Ханна Арендт. Истоки тоталитаризма. Перевод с английского И. Борисовой, Ю. Кимелева, А. Ковалева, Л. Седова, Ю. Мишкенене. М. «ЦентрКом». 1996. 672 стр.
Утро для Ханны Арендт начиналось с настроения меланхолии. Несколько чашек черного кофе — и медленное вхождение в дневную реальность, отстранившись от тяжести сна и уняв раздражительность. Собирание себя, обретение стойкой жизненной формы. День — время отчетливости и строгого размышления, куда нельзя впускать слабое и наивно-личное. Может быть, отсюда невозможность для Ханны Арендт автобиографии. Нежелание делать свое частное лицо явлением публичным. И ее настойчивое усилие удерживать мир на безопасной для себя дистанции — удерживаться на безопасном расстоянии от мира…
Когда в 1951 году в США вышла книга никому не известного тогда автора — «Истоки тоталитаризма», восторженно принятая критикой и сразу получившая от ее имени статус политологического «шедевра», — лицо сорокапятилетней Арендт появилось на обложке популярного «Субботнего обозрения литературы». Это вызвало у нее скорее досаду. Вовсе не показную. Даже несколько лет спустя, соглашаясь дать интервью американскому телевидению, она попросила, чтобы телевизионная камера расположилась позади нее…
Ханна Арендт как бы заговаривала себ и уверяла других, что в публичном пространстве есть место только проясненным фактам и выстроенным в законах строгой рефлексии произведениям. «Истоки тоталитаризма» действительно по всем видимым приметам — образец выполнения этой стратегии. И все же приоритет самой проблемы и выбор тем, в пределах которых она разыгрывается, выросли из ее личной истории.
Блестящее философское ученичество Ханна Арендт начала под присмотром Хайдеггера, а позднее Ясперса — но свой индивидуальный путь она прошла не по академической стезе. Арендт предпочла маргинальное существование, общение со свободными европейскими интеллектуалами, с идеологами и функционерами левых политических партий, активно сотрудничала с сионистскими организациями и выступала в печати в качестве политолога-аналитика. Опыт своей судьбы она выразила языком большой европейской истории 30 — 40-х. Получилось массивное произведение в объективистско-научном стиле.
Я не стану настаивать, что исток тем и основного пафоса Ханны Арендт — социального нонконформизма, интеллектуальной неангажированности — в биографических событиях. Она избегала «интроспекций», не любила психоанализа, и я готова подчиниться этой ее нелюбви. Но детали ее биографии чрезвычайно живы и выразительны. А в узловых точках отчетливо видна энергия личного решения. Как будто перед нами рационально прочерченная линия судьбы.
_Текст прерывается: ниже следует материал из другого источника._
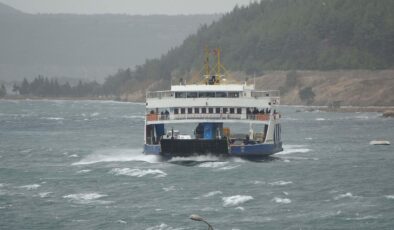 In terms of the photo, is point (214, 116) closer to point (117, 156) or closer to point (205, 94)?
point (205, 94)

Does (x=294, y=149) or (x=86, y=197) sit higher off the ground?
(x=294, y=149)

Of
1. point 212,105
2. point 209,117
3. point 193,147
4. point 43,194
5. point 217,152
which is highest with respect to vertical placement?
point 212,105

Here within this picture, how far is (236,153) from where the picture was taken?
8219cm

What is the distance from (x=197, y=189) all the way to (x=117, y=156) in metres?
26.6

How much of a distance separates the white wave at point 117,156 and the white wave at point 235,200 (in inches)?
865

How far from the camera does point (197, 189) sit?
67.6 metres

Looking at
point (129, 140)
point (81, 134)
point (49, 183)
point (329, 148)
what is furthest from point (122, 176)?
point (81, 134)

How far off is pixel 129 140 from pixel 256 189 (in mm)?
52011

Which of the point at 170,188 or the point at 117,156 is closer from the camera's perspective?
the point at 170,188

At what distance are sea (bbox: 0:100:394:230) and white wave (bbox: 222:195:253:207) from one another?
2.4 inches

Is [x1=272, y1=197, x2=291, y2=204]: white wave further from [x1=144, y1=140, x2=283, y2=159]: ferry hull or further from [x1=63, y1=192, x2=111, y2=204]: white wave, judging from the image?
[x1=144, y1=140, x2=283, y2=159]: ferry hull

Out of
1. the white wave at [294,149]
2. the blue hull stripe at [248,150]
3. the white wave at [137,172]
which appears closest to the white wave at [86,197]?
the white wave at [137,172]

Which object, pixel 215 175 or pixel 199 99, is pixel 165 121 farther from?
pixel 215 175

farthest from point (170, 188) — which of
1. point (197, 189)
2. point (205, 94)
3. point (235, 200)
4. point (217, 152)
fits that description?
point (205, 94) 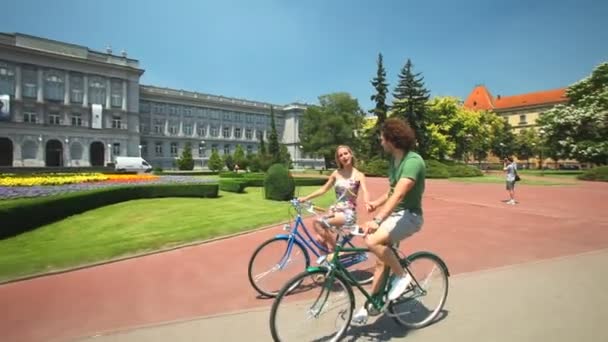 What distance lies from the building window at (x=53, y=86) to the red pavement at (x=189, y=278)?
67572 mm

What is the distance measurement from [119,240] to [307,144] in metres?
58.7

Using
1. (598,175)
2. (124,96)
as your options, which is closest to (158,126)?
(124,96)

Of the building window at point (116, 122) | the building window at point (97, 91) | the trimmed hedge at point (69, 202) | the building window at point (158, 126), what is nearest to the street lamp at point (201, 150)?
the building window at point (158, 126)

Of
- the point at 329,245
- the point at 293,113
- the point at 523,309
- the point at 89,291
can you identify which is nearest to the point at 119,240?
the point at 89,291

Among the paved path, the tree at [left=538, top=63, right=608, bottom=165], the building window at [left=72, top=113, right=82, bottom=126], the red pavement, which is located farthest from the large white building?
the paved path

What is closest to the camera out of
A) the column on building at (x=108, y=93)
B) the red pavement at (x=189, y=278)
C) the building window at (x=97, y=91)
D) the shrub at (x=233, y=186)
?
the red pavement at (x=189, y=278)

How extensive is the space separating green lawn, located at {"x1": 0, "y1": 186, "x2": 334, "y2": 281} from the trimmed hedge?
0.90ft

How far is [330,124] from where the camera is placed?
Answer: 65.8m

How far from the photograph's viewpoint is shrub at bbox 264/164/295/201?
17.1 metres

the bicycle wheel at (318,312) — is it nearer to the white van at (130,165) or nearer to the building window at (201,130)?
Result: the white van at (130,165)

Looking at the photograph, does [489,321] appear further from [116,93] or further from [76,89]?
[116,93]

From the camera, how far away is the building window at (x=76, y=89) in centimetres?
6500

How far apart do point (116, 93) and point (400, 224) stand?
248ft

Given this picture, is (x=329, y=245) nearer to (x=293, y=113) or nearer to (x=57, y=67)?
(x=57, y=67) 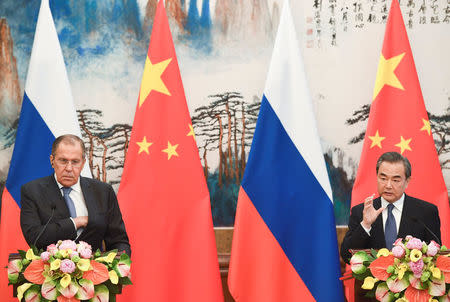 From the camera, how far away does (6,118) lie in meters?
4.35

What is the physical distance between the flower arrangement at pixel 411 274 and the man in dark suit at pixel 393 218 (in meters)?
0.43

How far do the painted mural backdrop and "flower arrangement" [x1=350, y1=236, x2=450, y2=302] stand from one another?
1.73m

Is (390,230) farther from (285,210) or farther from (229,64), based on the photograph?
(229,64)

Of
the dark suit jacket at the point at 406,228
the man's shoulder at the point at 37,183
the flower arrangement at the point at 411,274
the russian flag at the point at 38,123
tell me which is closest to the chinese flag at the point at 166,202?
the russian flag at the point at 38,123

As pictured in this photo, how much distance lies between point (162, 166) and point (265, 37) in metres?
1.29

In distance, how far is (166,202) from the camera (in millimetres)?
3857

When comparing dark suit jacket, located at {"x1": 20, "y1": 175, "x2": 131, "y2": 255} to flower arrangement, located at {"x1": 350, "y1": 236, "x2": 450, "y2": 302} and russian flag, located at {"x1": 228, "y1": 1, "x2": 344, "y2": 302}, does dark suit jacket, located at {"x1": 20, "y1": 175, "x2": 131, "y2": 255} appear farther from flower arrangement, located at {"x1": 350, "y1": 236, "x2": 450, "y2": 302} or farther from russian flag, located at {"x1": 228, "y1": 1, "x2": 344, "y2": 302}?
flower arrangement, located at {"x1": 350, "y1": 236, "x2": 450, "y2": 302}

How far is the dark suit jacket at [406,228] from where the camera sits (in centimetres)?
316

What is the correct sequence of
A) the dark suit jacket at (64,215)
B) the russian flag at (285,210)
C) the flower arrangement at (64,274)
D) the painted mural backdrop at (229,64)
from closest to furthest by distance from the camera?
1. the flower arrangement at (64,274)
2. the dark suit jacket at (64,215)
3. the russian flag at (285,210)
4. the painted mural backdrop at (229,64)

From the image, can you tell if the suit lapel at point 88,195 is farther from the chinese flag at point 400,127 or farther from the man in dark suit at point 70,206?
the chinese flag at point 400,127

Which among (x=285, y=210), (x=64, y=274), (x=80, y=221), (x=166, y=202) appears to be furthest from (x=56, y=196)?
(x=285, y=210)

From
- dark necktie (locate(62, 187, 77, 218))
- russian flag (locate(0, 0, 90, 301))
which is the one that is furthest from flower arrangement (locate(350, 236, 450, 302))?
russian flag (locate(0, 0, 90, 301))

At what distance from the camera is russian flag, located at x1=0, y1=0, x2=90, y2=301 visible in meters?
3.85

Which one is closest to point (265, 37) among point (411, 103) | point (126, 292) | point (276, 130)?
point (276, 130) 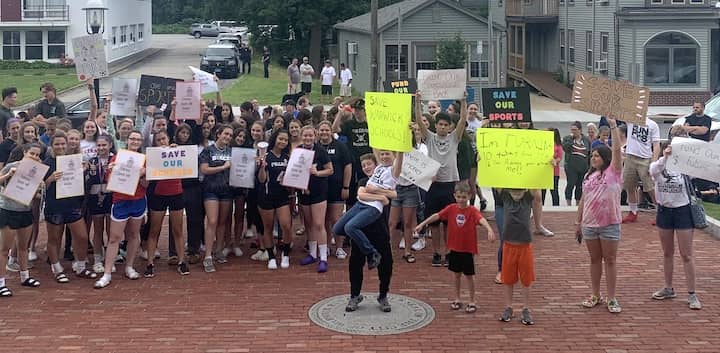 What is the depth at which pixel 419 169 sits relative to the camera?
30.8 feet

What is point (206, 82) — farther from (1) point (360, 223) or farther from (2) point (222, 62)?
(2) point (222, 62)

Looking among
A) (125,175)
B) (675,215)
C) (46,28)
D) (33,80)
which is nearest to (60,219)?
(125,175)

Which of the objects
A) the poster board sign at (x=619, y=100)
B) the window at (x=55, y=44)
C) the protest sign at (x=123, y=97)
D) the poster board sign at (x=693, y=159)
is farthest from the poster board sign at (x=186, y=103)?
the window at (x=55, y=44)

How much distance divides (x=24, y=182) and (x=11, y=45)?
147 feet

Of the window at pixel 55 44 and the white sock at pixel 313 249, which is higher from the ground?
the window at pixel 55 44

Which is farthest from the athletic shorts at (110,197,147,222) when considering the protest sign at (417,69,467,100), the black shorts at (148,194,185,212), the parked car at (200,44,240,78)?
the parked car at (200,44,240,78)

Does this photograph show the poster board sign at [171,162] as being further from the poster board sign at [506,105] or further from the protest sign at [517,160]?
the poster board sign at [506,105]

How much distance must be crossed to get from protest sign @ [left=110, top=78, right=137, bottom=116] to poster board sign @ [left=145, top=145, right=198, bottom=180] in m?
2.79

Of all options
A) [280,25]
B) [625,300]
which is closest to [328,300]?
[625,300]

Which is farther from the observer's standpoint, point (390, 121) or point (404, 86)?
point (404, 86)

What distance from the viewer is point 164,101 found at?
12.0 metres

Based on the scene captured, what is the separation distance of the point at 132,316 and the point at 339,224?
94.5 inches

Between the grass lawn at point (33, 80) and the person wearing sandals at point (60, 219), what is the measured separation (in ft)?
80.0

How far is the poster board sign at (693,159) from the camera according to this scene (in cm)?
865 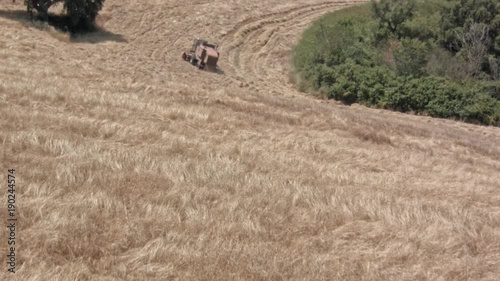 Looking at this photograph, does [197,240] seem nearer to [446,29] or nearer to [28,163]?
[28,163]

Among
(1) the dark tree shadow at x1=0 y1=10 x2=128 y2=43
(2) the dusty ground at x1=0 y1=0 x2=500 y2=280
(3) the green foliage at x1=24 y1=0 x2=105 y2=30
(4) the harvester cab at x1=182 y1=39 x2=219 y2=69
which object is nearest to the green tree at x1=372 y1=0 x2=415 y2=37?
(4) the harvester cab at x1=182 y1=39 x2=219 y2=69

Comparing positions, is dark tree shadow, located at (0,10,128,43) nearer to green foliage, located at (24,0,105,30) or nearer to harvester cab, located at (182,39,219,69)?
green foliage, located at (24,0,105,30)

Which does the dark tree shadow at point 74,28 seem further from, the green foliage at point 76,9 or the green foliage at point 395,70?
the green foliage at point 395,70

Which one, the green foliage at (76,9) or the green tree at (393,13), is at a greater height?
the green tree at (393,13)

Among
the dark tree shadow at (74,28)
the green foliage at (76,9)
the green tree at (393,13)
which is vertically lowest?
the dark tree shadow at (74,28)

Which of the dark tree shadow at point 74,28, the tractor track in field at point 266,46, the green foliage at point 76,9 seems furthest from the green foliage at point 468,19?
the green foliage at point 76,9

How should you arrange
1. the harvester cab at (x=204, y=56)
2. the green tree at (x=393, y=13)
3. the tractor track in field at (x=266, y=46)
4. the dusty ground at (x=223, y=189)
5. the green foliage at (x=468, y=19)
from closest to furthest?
the dusty ground at (x=223, y=189), the harvester cab at (x=204, y=56), the tractor track in field at (x=266, y=46), the green foliage at (x=468, y=19), the green tree at (x=393, y=13) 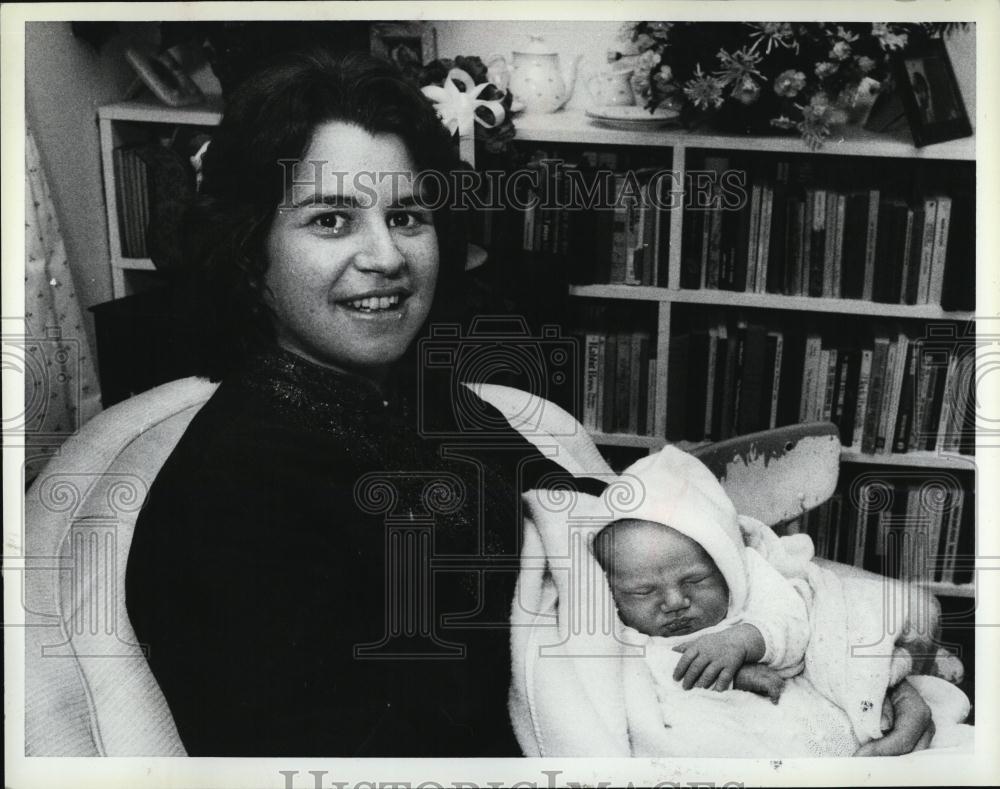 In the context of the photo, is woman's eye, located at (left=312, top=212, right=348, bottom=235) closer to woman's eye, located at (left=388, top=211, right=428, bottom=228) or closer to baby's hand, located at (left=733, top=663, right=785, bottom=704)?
woman's eye, located at (left=388, top=211, right=428, bottom=228)

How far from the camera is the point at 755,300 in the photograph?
160 centimetres

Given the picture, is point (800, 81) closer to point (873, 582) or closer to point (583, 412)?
point (583, 412)

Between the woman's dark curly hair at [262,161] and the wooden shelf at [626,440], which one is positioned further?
the wooden shelf at [626,440]

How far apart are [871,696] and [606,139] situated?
94 cm

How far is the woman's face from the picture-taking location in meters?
1.48

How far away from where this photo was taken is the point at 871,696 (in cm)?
154

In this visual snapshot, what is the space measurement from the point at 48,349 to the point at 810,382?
121cm

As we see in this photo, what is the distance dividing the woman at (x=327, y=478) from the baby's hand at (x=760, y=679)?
0.35 metres

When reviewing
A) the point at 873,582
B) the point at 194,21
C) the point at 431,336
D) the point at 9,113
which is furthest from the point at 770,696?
the point at 9,113

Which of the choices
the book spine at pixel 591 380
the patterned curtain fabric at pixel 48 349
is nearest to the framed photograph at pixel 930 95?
the book spine at pixel 591 380

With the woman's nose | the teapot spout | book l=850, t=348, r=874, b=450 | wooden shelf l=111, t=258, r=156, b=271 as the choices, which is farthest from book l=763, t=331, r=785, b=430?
wooden shelf l=111, t=258, r=156, b=271

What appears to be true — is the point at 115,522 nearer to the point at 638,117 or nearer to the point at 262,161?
the point at 262,161

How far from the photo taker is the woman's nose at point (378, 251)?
1.50 m

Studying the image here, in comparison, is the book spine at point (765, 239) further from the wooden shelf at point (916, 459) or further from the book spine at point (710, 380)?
the wooden shelf at point (916, 459) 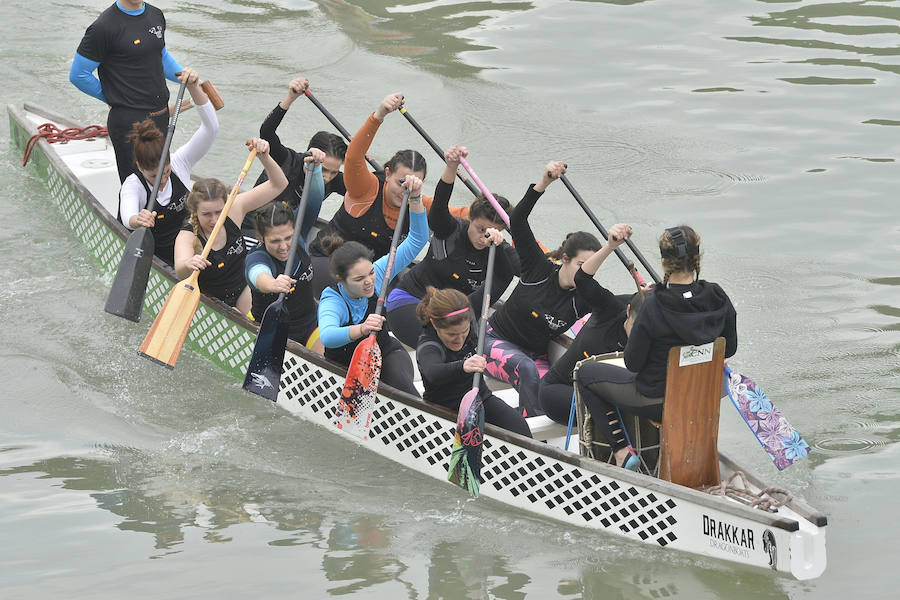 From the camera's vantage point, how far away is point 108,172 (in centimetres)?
940

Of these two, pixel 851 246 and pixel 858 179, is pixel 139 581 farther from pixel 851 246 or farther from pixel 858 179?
pixel 858 179

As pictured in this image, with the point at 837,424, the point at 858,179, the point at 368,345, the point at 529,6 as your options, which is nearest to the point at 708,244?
the point at 858,179

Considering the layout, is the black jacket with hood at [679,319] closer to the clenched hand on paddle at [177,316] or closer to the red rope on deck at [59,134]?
the clenched hand on paddle at [177,316]

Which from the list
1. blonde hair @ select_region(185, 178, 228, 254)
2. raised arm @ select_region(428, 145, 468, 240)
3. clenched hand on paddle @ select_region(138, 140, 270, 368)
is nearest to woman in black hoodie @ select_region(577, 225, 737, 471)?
raised arm @ select_region(428, 145, 468, 240)

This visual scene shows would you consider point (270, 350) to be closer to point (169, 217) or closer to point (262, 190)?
point (262, 190)

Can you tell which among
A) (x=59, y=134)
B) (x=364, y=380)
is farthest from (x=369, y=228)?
(x=59, y=134)

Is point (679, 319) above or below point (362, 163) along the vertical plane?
below

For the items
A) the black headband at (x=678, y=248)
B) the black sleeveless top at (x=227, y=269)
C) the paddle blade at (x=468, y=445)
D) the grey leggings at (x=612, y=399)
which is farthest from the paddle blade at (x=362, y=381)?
the black headband at (x=678, y=248)

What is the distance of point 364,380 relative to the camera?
5.96 meters

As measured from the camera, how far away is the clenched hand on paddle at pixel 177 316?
21.6 ft

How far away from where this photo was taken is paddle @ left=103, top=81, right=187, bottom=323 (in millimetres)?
6945

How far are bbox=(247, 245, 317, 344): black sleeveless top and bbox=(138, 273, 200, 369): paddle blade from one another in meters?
0.34

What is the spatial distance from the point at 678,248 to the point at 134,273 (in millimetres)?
3484

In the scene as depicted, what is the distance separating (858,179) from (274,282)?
6296mm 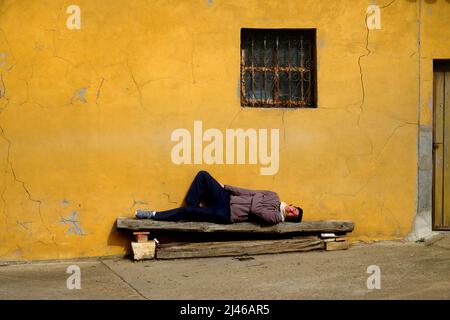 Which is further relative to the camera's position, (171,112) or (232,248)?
(171,112)

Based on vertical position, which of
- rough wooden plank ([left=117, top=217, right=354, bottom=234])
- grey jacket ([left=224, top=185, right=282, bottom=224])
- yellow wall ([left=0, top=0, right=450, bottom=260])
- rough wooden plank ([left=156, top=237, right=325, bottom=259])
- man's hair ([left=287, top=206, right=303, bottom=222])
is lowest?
rough wooden plank ([left=156, top=237, right=325, bottom=259])

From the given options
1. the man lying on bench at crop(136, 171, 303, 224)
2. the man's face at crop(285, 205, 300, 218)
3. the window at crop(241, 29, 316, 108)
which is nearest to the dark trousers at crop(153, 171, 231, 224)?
the man lying on bench at crop(136, 171, 303, 224)

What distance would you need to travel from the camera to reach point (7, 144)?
6363 millimetres

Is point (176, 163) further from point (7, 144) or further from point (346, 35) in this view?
point (346, 35)

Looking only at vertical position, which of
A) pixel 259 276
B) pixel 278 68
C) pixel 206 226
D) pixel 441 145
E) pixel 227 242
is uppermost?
pixel 278 68

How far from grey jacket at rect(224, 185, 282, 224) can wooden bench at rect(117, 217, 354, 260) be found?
82 millimetres

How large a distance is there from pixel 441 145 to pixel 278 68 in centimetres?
215

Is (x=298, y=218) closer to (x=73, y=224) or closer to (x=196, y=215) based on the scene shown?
(x=196, y=215)

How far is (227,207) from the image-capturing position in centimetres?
635

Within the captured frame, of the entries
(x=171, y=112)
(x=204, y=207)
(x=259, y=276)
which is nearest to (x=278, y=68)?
(x=171, y=112)

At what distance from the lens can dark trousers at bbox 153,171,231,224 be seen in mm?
6316

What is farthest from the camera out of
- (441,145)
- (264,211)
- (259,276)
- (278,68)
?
(441,145)

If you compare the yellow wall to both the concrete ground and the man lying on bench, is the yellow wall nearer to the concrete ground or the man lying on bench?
the man lying on bench

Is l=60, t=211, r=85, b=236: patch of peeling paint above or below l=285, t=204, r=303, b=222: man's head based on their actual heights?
below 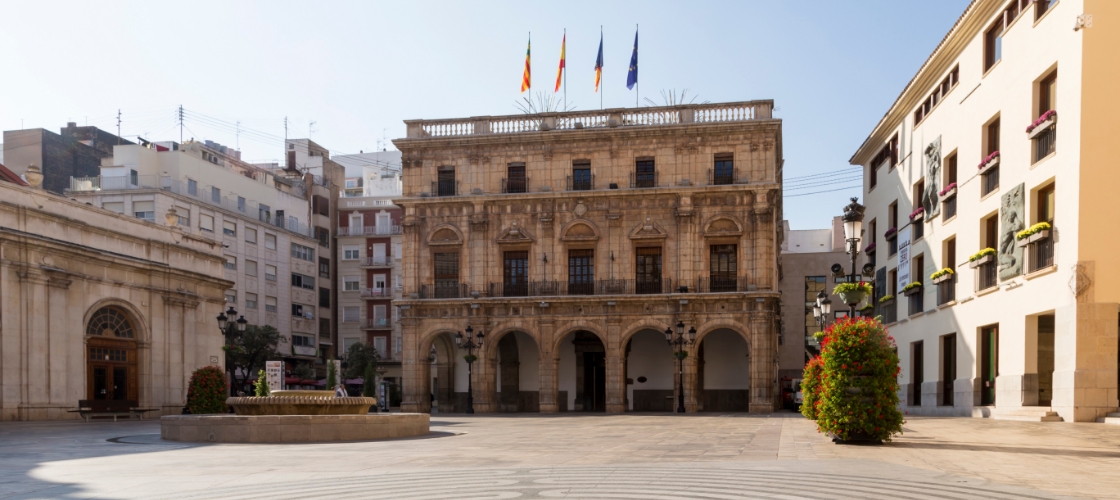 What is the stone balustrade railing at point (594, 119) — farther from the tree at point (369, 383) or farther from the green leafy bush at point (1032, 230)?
the green leafy bush at point (1032, 230)

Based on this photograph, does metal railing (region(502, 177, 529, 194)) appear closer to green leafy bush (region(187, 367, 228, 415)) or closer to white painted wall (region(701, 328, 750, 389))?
white painted wall (region(701, 328, 750, 389))

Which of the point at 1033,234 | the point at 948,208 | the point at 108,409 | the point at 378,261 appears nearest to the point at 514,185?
the point at 108,409

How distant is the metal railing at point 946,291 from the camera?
32.3 meters

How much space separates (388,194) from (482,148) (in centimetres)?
3165

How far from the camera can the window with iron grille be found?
46.6 metres

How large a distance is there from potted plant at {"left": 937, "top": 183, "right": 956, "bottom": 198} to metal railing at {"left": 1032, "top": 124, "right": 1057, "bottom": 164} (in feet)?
24.2

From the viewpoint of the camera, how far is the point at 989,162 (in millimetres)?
28016

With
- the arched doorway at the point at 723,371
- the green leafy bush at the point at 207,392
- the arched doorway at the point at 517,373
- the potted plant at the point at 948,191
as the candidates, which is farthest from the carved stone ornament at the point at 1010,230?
the arched doorway at the point at 517,373

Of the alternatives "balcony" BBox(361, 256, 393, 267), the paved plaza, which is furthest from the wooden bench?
"balcony" BBox(361, 256, 393, 267)

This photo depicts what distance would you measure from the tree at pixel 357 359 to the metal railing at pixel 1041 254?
49.0 meters

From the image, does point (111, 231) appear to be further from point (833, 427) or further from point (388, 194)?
point (388, 194)

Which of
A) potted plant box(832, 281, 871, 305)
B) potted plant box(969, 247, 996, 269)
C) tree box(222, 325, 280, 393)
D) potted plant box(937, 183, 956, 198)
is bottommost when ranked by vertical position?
tree box(222, 325, 280, 393)

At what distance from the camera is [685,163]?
151 feet

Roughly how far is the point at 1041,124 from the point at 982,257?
5522 millimetres
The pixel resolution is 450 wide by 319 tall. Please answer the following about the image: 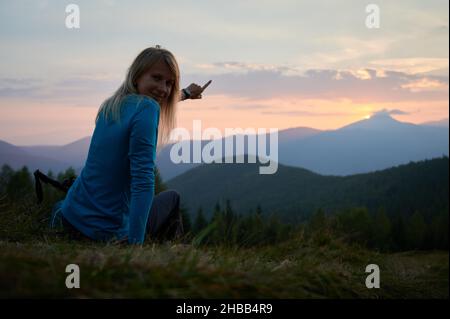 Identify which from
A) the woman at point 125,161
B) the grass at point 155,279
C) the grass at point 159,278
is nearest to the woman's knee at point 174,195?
the woman at point 125,161

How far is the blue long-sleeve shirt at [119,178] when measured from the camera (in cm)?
463

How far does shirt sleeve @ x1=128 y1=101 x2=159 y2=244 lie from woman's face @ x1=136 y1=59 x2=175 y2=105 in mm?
576

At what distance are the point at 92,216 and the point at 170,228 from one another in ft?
4.00

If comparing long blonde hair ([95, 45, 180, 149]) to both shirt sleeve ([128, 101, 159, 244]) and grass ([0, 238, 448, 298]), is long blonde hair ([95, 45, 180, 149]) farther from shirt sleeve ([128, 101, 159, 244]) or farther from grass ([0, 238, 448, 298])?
grass ([0, 238, 448, 298])

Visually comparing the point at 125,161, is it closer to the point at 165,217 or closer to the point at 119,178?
the point at 119,178

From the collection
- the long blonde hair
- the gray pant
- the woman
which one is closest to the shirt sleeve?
the woman

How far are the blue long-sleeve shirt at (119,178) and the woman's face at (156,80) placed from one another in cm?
39

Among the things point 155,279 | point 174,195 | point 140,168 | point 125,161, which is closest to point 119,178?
point 125,161

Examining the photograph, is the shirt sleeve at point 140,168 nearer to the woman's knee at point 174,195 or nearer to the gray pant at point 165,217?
the gray pant at point 165,217

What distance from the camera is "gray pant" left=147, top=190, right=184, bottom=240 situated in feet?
19.1

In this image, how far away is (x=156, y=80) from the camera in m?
5.22

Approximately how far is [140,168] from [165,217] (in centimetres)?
144

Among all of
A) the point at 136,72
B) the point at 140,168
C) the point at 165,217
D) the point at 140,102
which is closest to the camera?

Ханна Арендт родилась в 1906 году в Кёнигсберге, в еврейской семье. Пауль Арендт и Марта Кон принадлежали образованной среде, не были религиозны, состояли в социалистической партии еще в те времена, когда она существовала в Германии нелегально. Перва травма детства — смерть отца: ей было семь лет, когда он скончался в психиатрической клинике. Ханна предпочитала не говорить об этом… Воспитанием руководила мать. В доме, по воспоминаниям Арендт, не употребляли слова «еврей», но кодекс достойного понимания этой своей принадлежности — притом без всякого теоретизирования о «еврейском вопросе» — матерью жестко поддерживался. Она требовала от Ханны не допускать в себе униженной покорности. В случае, скажем, антисемитского заявления учителя Ханна, согласно четкой инструкции матери, должна была встать и покинуть класс, предоставив матери написать официальное письмо. Однако на замечания одноклассников она должна была отвечать сама. Такая четкость предписываемых правил поведения, как вспоминала Арендт, дала ей надежную внутреннюю защиту.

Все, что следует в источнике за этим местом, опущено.